Number of Search Results from Excel - excel

Given a column of strings I would like to find the number of search results from a website (e.g. sciencedirect.com) for each string. An existing answer Number of Google Results from Excel works well for Google.
Unfortunately this solution creates the search URL from the string i.e. a Google search for example contains the word example. The sites I want to use do not do this.
A search for example returns the URL http://www.sciencedirect.com/science?_ob=ArticleListURL&_method=list&_ArticleListID=1860967815&_sort=r&_st=13&view=c&_acct=C000053194&_version=1&_urlVersion=0&_userid=1495569&md5=0ef30742e917da15236ef1824058a1db&searchtype=a
Any idea how I achived the same result with this type of search engine.

You'll have to examine the form you submit when you click on the Search button. The form sends a GET request which containes the search terms, but then you get redirected to the result list page, and the URL of the results page does not contain the search terms any more.
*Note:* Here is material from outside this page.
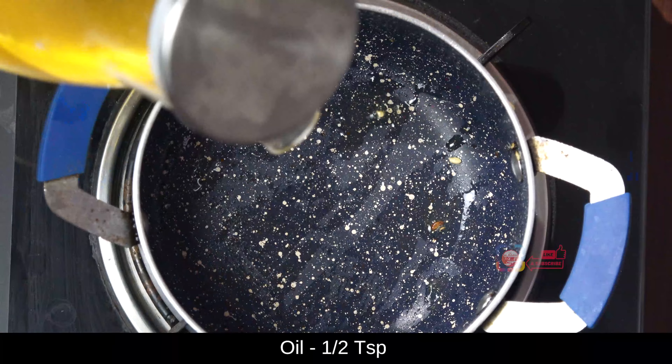Add some salt to it. Add the oil in a minute, add the oil to the oil, add some salt to the oil, and add the oil in 1 minute.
I have successfully searched for "corpus" with this URL:
http://www.sciencedirect.com/science?_ob=QuickSearchURL&_method=submitForm&_acct=C000228598&_origin=home&_zone=qSearch&md5=61ce8901b141d527683913a240486ac4&qs_all=corpus
Note that what you'll have to do is
download the start page http://www.sciencedirect.com/
extract hidden fields from the search form
assemble the search URL from the hidden fields
add your search term to the search URL in the qs_all field
send GET request with the search URL
follow redirection
Except for qs_all all other fields in this URL comes from the the form as hidden fields.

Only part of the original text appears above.